Kazakhstan, Cappello says, has the region’s only effective stock market. In Azerbaijan, by contrast, “there is no equity market,” he says. “That is a pity, because Baku is very much a Silk Road city with a real trader mentality. Having said that, there are opportunities on the private equity and fixed income sides. While we would avoid natural resources, we think every sector is interesting – consumer and banking in particular.”

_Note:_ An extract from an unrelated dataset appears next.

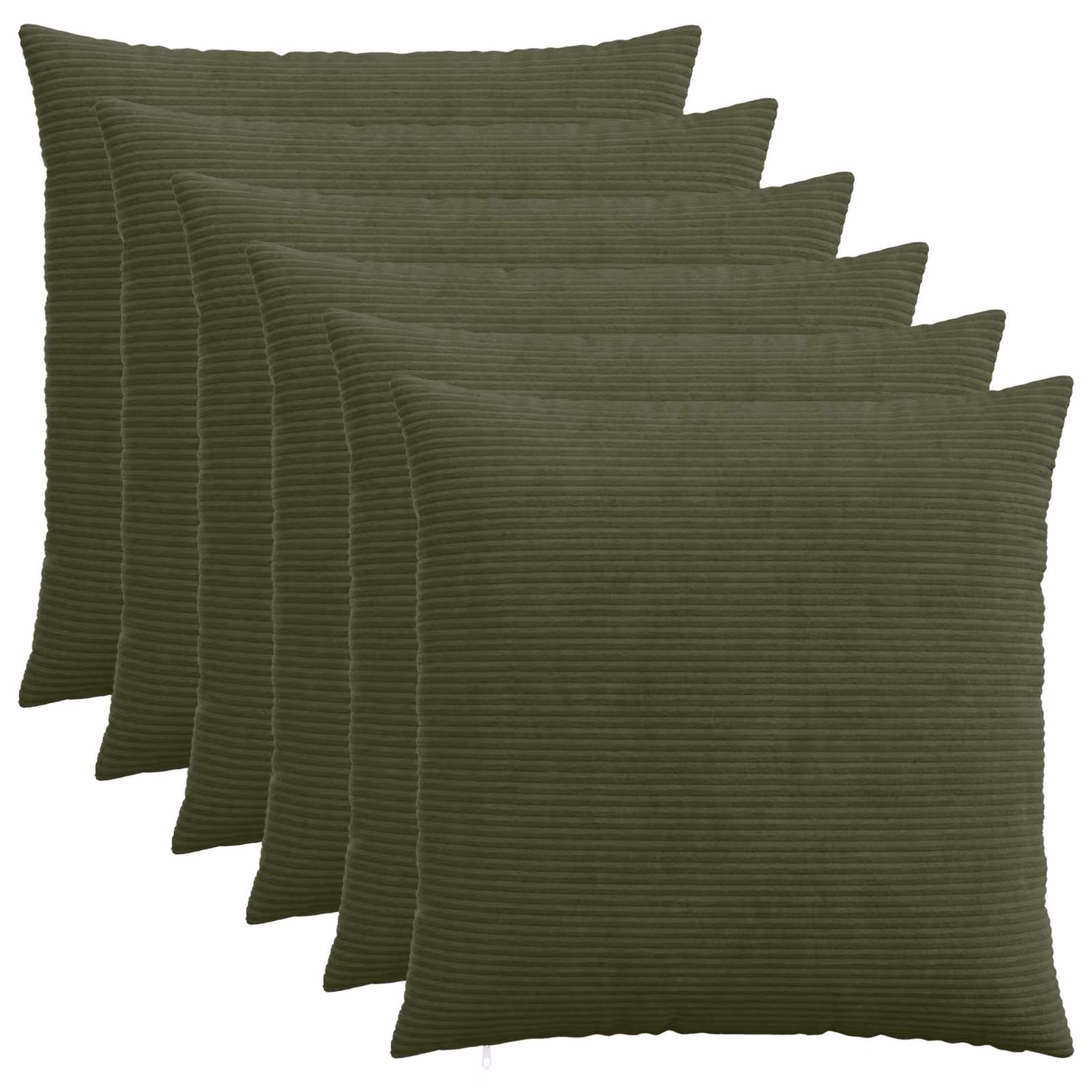 Set di 6 federe vidaXL HEERLEN in velluto a coste verde, L 70 x P 70 cm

Sturgeon has a three-pronged investment strategy, making a combination of equity, fixed income and special situations investments. The composition of its portfolio varies according to market conditions, but typically fixed income is the largest part, while special situations investments – through which it has built up a portfolio of illiquid and private equity investments – are capped at 25% of the fund. The firm has started making a fourth type of investments, having set up a dedicated real estate fund – Sturgeon Property Fund. This has not yet been opened to third party investors, but will be in future. “There are a lot of opportunities in specific markets across the region. We are especially interested in industrial and logistics real estate. Tourism could be interesting depending on how developed the local infrastructure is, and although there is an over-supply in luxury residential property, we are interested in niche plays in the residential market,” says Cappello. The deepening of the credit crunch to a worldwide emergency crisis, following the collapse of Lehman Brothers in September, has thrown into question some of the arguments for investing in emerging markets, with easier pickings among the now struggling developed economies. The Rencasia Index, which tracks the most liquid equities in Central Asia, has dropped by 50% since May, while exchanges in Moscow and western financial centres have plummeted. However, this could lead to new opportunities in the region. “High quality bonds, for example, are currently trading very low,” says Cappello. “There are some very interesting opportunities right now, even though frontier markets are generally seen as less sexy than they were.”